まず、バトル漫画として非常によくできています。メインはサイボーグ戦士とブラックゴーストの戦いなわけですが、地下帝国にはザッタンという種族がいて、このザッタンもからんだ三つ巴の戦いになります。三つの勢力が、ときに互いを利用したり裏切ったりしながら展開していくストーリーは、この手の王道バトル漫画の歴史においても比類ない面白さじゃないでしょうか。そしてその末に、いよいよブラックゴーストの首領と009の一騎打ち……ここはまさに、サイボーグ009シリーズのハイライトといえるでしょう。
ブラックゴーストは、いわゆる“死の商人”です。兵器産業で儲けるために世界各国で戦争を起こさせる工作を行っている組織。サイボーグ戦士たちは、もともとは彼らの手で改造された身でありながら、その手から逃れ、ブラックゴーストを壊滅させるために戦っているのです。
その最終決戦において、ブラックゴーストはサイボーグ戦士たちの戦いは徒労であると切って捨てます。

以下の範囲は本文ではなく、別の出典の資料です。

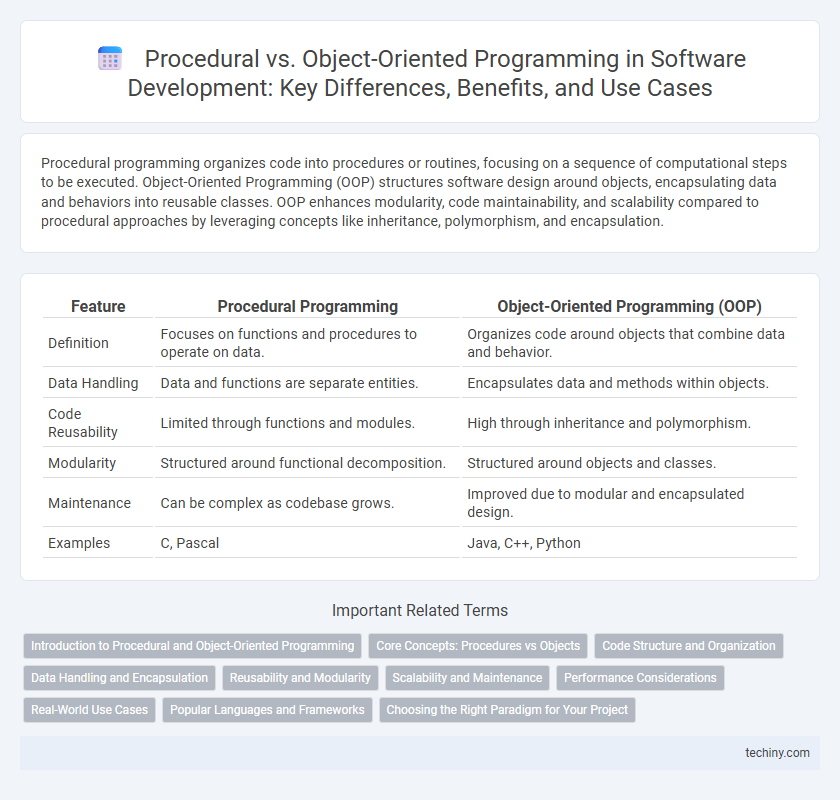 Procedural vs. Object-Oriented Programming in Software Development: Key Differences, Benefits, and Use Cases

たとえ首領を叩いたとしても、“細胞”が残っている。そしてもっといえば、ブラックゴーストは人間の心から生まれたもの、人間の醜い欲望が作り上げた怪物なのだから、究極的には、ブラックゴーストを殲滅するには人間全部を殺さなければならない、というのです。
これに対して009はこう反論します。
おまえが細胞なら
ぼくも細胞なんだよ
なかまが…のこりをかたづけてくれる!
そして、その言葉を裏付けるかのように、最終決戦の場に仲間が駆け付けます。そして、あのラストシーンとなるわけです。たしかに、組織としてのブラックゴーストを壊滅させたとしても、人間の醜い欲望があるかぎり新たなブラックゴーストが出てくるかもしれない。しかしそれと同様に、たとえサイボーグ戦士たちが滅びたとしても、人間の善の心は消えないということでしょう。深い余韻を残すエンディングでした。
さて……009といえば、その後もリメイク作品がいくつも作られ続けており、今年は60周年ということで、新作の漫画作品が発表されたり、舞台公演などということもありました。
こうして60年経っても新作が発表されるというのは、やはり009が日本漫画史上に残る不朽の名作だからこそでしょう。